■ SUPPLIED MATERIAL

**********

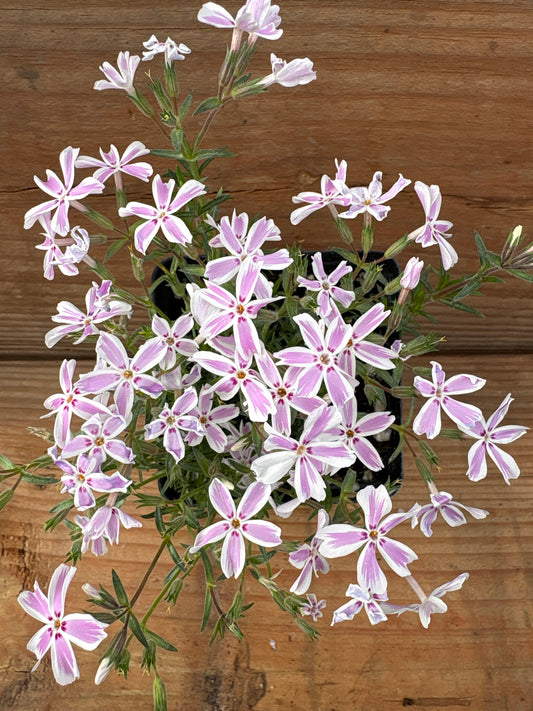 Phlox subulata ‘Candy Stripe’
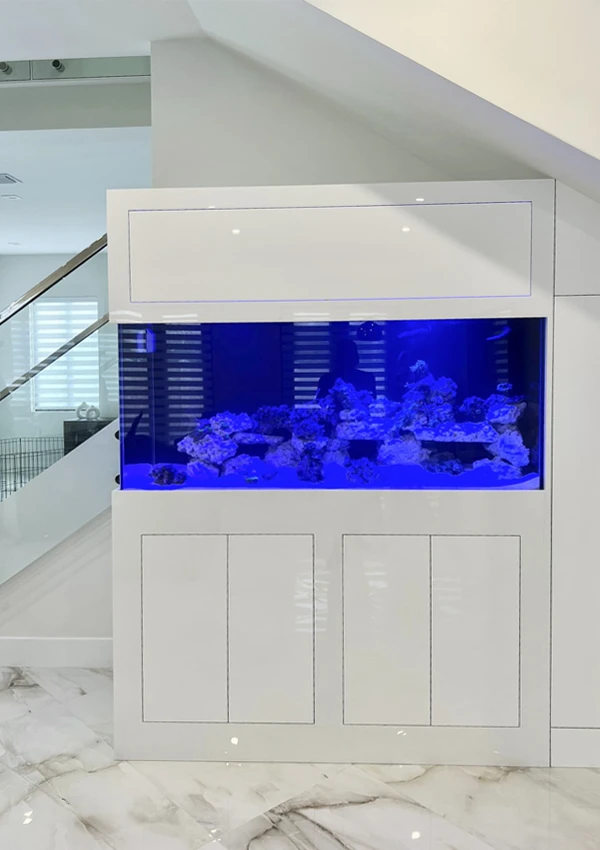 Saltwater rectangular tank built under a staircase to optimize space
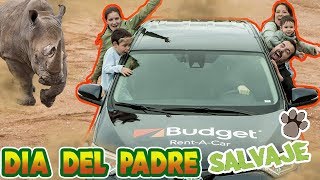 Paseo en coche por el Safari Madrid: nuestra experiencia en familia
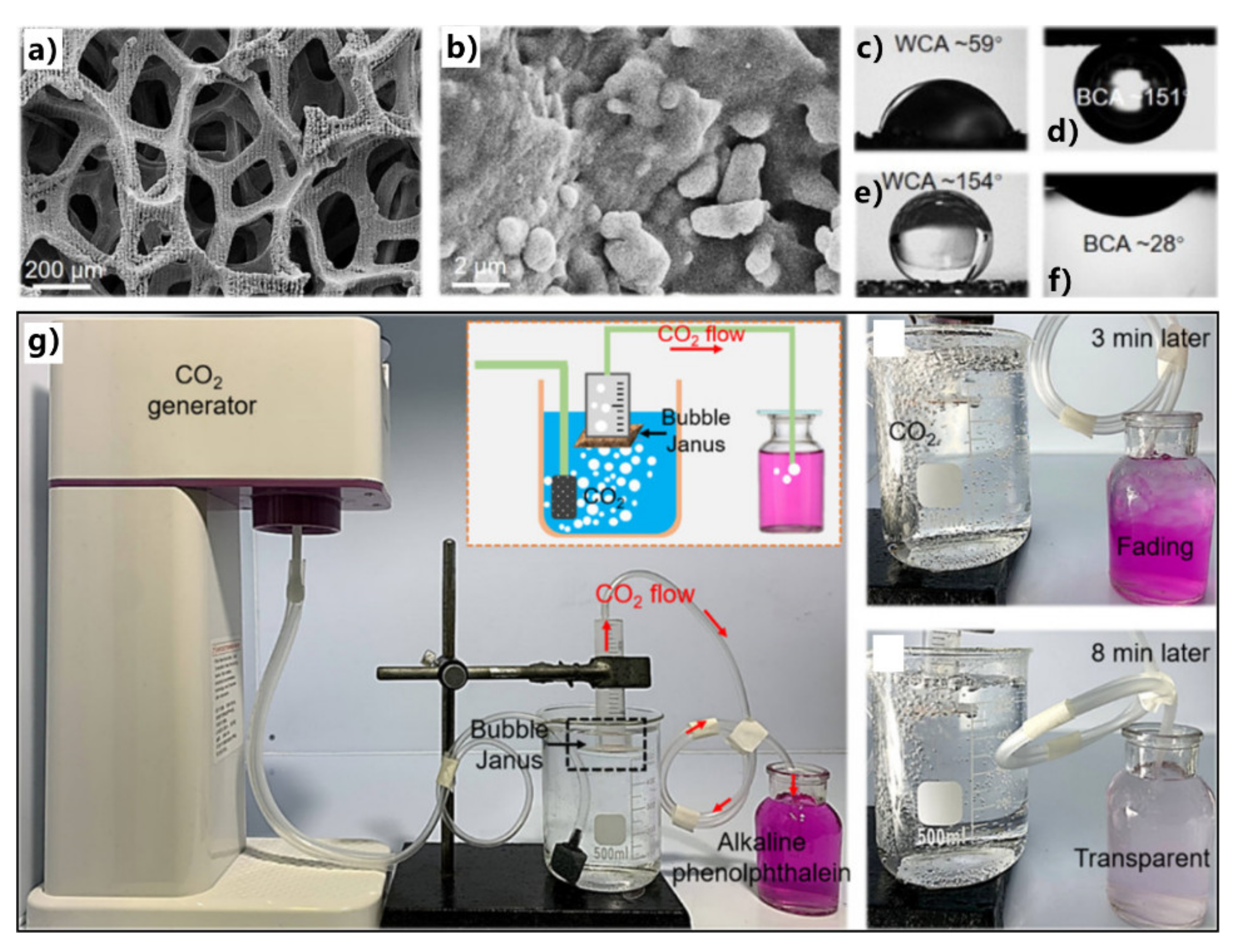 Nanomaterials 12 00688 g030 Nanomaterials 12 00688 g030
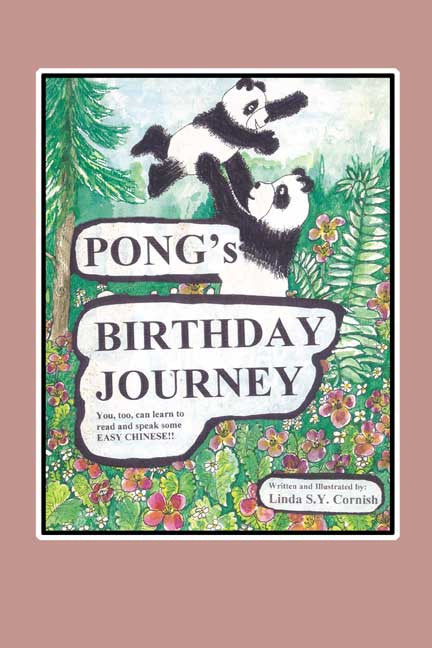 Pong's Birthday Journey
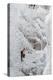 Ice Climbers Scaling Vertical Ice in Ouray Ice Park Near Ouray, Colorado-Sergio Ballivian-Premier Image Canvas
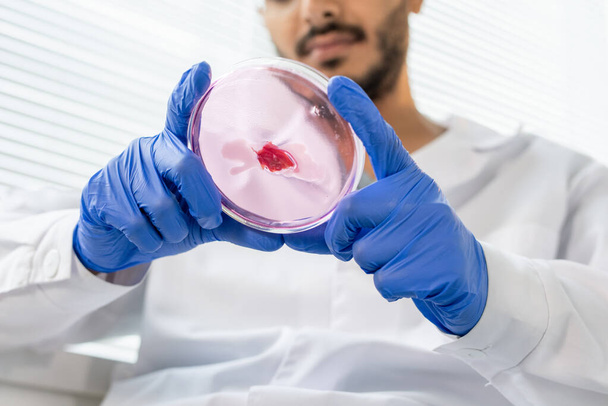Ręce rękawiczki młodego męskiego pracownika kontroli jakości żywności w białym płaszczu gospodarstwa płytki Petriego z malutką próbką surowego mięsa roślinnego w laboratorium - Zdjęcie, obraz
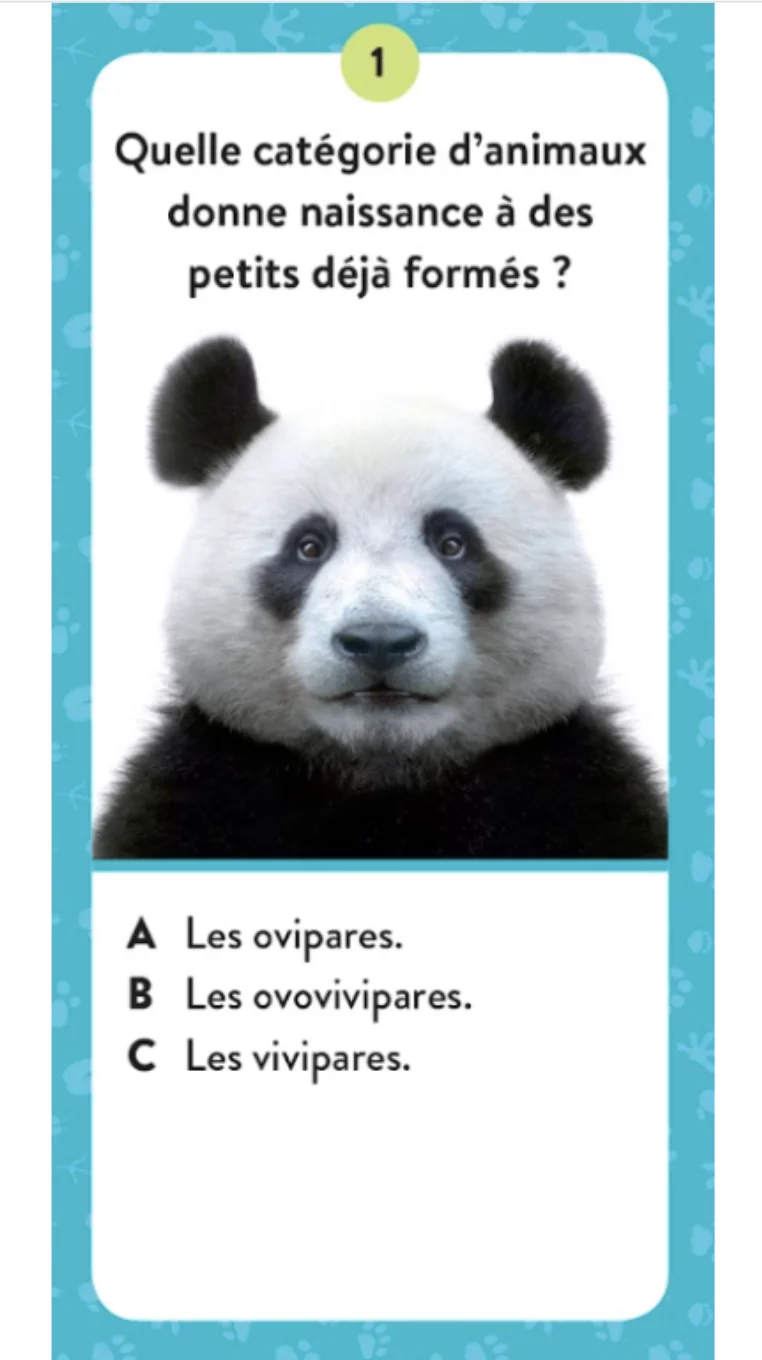 Le coffret du méga atlas des animaux – Image 5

**********

■ ACTIVITY
Give back the full listing exactly, with pictures dropped.

■ EXPECTED ANSWER
 Phlox subulata ‘Candy Stripe’
 Saltwater rectangular tank built under a staircase to optimize space
 Paseo en coche por el Safari Madrid: nuestra experiencia en familia
 Nanomaterials 12 00688 g030 Nanomaterials 12 00688 g030
 Pong's Birthday Journey
 Ice Climbers Scaling Vertical Ice in Ouray Ice Park Near Ouray, Colorado-Sergio Ballivian-Premier Image Canvas
Ręce rękawiczki młodego męskiego pracownika kontroli jakości żywności w białym płaszczu gospodarstwa płytki Petriego z malutką próbką surowego mięsa roślinnego w laboratorium - Zdjęcie, obraz
 Le coffret du méga atlas des animaux – Image 5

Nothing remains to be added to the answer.